Given data »
· · ·

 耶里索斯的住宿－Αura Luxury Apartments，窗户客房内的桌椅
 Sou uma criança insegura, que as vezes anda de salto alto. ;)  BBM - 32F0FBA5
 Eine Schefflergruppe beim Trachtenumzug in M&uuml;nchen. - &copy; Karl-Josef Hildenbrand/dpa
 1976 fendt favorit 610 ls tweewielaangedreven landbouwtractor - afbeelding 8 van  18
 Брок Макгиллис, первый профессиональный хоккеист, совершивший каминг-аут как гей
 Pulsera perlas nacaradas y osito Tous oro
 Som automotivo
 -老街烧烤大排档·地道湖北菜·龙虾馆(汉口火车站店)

· · ·

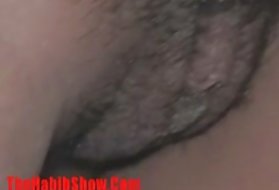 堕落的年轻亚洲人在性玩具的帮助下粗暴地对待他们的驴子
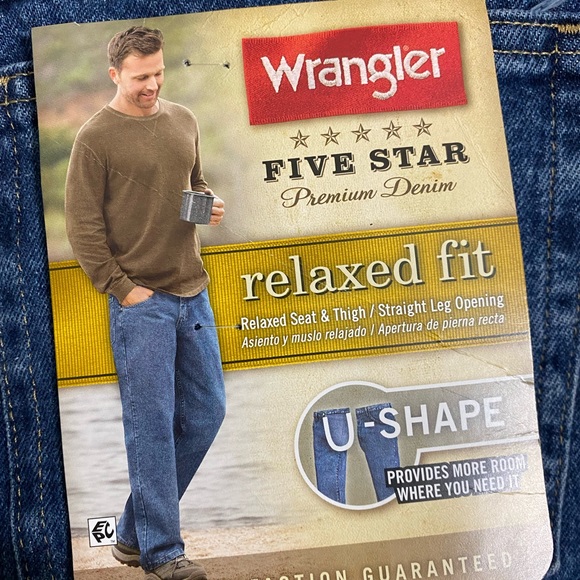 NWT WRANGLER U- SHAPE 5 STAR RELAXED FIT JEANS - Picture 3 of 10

· · ·

Task prompt »
Whatever else the listing above holds, retype exactly only the lines from the one containing "Брок Макгиллис, первый" to the one containing "-老街烧烤大排档·地道湖北菜·龙虾馆(汉口火车站店)", both ends kept.

The completed task »
 Брок Макгиллис, первый профессиональный хоккеист, совершивший каминг-аут как гей
 Pulsera perlas nacaradas y osito Tous oro
 Som automotivo
 -老街烧烤大排档·地道湖北菜·龙虾馆(汉口火车站店)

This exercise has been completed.